– Questa sera, al Miv – Multisala Impero Varese di via Bernascone 13 – verrà proiettato “Tre – un ritorno”, primo documentario di Giacomo Coerezza, che presenta un’attraversata della Valgrande effettuata in tre giorni – dal 9 all’11 settembre 2016 – da tre compagni di cammino che riflettono sul valore dell’amicizia, del viaggio, del silenzio e del superamento di una perdita: quella dell’amico Paolo Rindi, scomparso nei medesimi luoghi il 28 gennaio 2016. «Sono diplomato alla scuola di regia –
spiega Giacomo, 25 anni – e con Paolo avevo una band dove lui era tastierista ed io chitarrista. Dopo lo scioglimento non ci siamo frequentati per qualche tempo, ma poi l’interesse comune per il cinema ci aveva fatti riavvicinare. Facevamo lunghe discussioni su come raccontare una storia attraverso le immagini e la musica: avevamo realizzato alcuni progetti assieme e in particolare lui stava allestendo la parte musicale di un lavoro che voglio terminare anche se sarà faticoso, perché lui non amava particolarmente scrivere su partitura e il canovaccio melodico è frammentario». Un Paolo inedito emerge dal racconto; di lui, rapito a soli 20 anni dalla sua amata montagna durante un’escursione nel parco nazionale di una delle zone più selvagge d’Italia ci è più noto il volto sensibile del poeta di “Chromesthesia” che si immedesima nella natura, ad essa parla e in lei trova risposte alle domande spesso tormentate dell’esistenza. «Il documentario descrive il cammino in Val Grande di tre persone riprese da un cineoperatore: mentre percorriamo i vari dislivelli Paolo si materializza continuamente nei nostri discorsi. Il ritorno in quei luoghi cari è stato un modo per superare il trauma della perdita, ripercorrendo l’amicizia che ci legava: oltre a me, nella pellicola appaiono Patrizio Pedotti, chitarrista e autore delle musiche della pellicola e Gabriele Miotto, a cui dobbiamo la fotografia. Un quarto amico, Matteo Galante, non era con noi in Val Grande ma fa parte del nostro gruppo di “esploratori” e mi piace citarlo».

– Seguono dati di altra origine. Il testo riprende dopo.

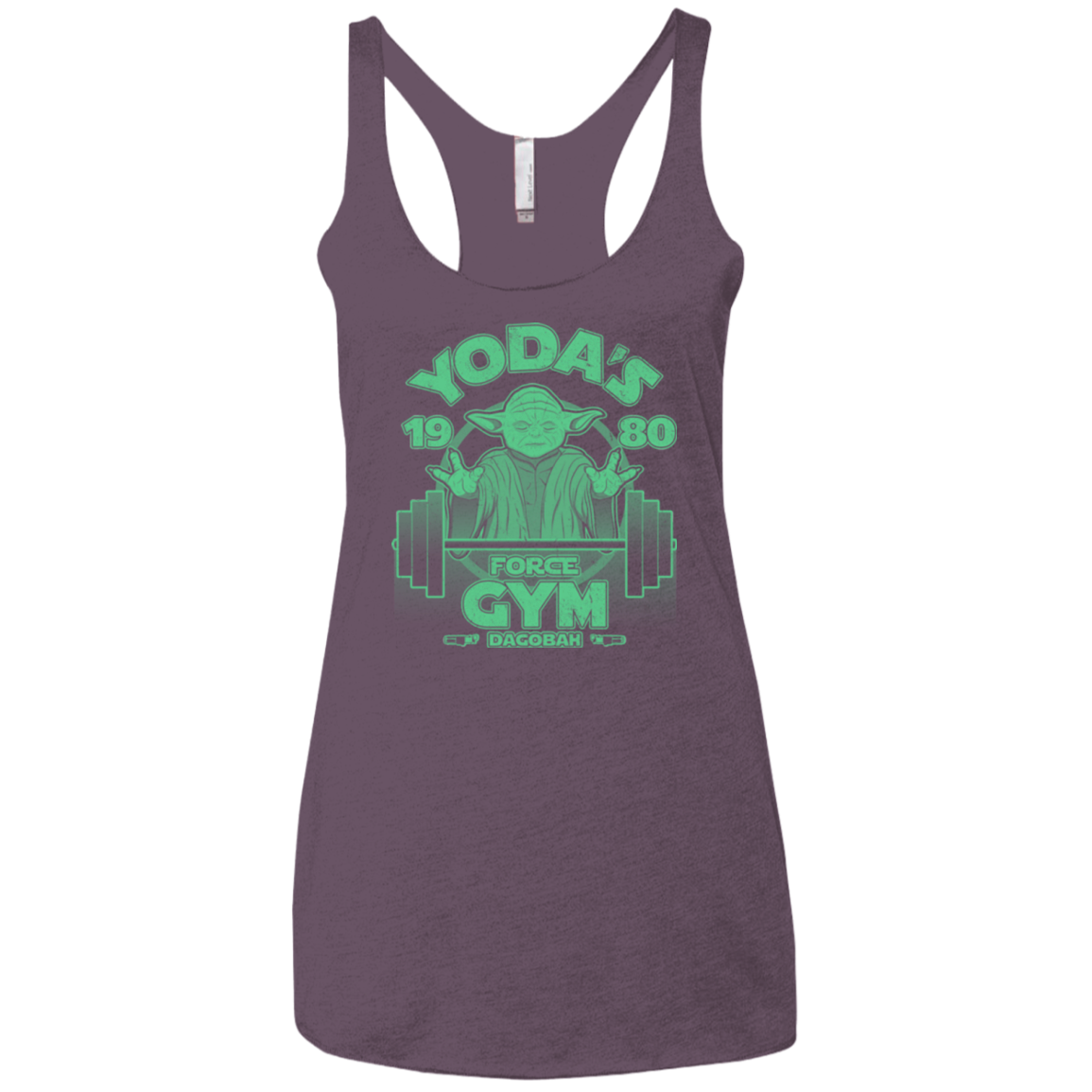 Dagobah Gym Women's Triblend Racerback Tank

Tutti varesini, amici per la pelle di Paolo sia in gruppo sia singolarmente – «per lui era molto importante approfondire l’amicizia con tutte le persone che frequentava» – fra loro il cemento sono la musica, il cinema, il viaggio. «Il primo assieme, due anni fa in estate, sono stati i 700 chilometri in Norvegia per il cammino di sant’Olav: Paolo aveva già fatto il cammino di Santiago e ce ne aveva parlato in termini entusiastici. Ma le nostre esplorazioni partivano dalla nostra provincia, esplorando luoghi naturali, le aree boschive del lago di Varese, anche fuori dai sentieri noti. Ci piaceva riscoprire i posti più nascosti, o abbandonati: poi ci eravamo spinti in Val Grande, della quale non è giusto aver paura: la montagna non è né buona né cattiva, va solo affrontata con la giusta preparazione. Il nostro non era un blocco nei confronti del luogo, che avevamo visto per l’ultima volta quando eravamo partiti alla ricerca di Paolo alla notizia immediata della sua scomparsa; questo lavoro voleva farci riappacificare prevalentemente con noi stessi. Paolo ci ha insegnato che le situazioni vanno affrontate nel modo più semplice ed autentico possibile: è per questo che la poesia lo catturava, perché è un linguaggio che riesce ad andare oltre l’apparenza delle cose e ad arrivare al loro significato nascosto. In un dialogo in Norvegia avevamo discusso sul valore della poesia: per lui era uno strumento per svelare il mondo». Ed era il mezzo prediletto di Paolo per far dialogare la sua anima con quella del creato, anche se non l’unico.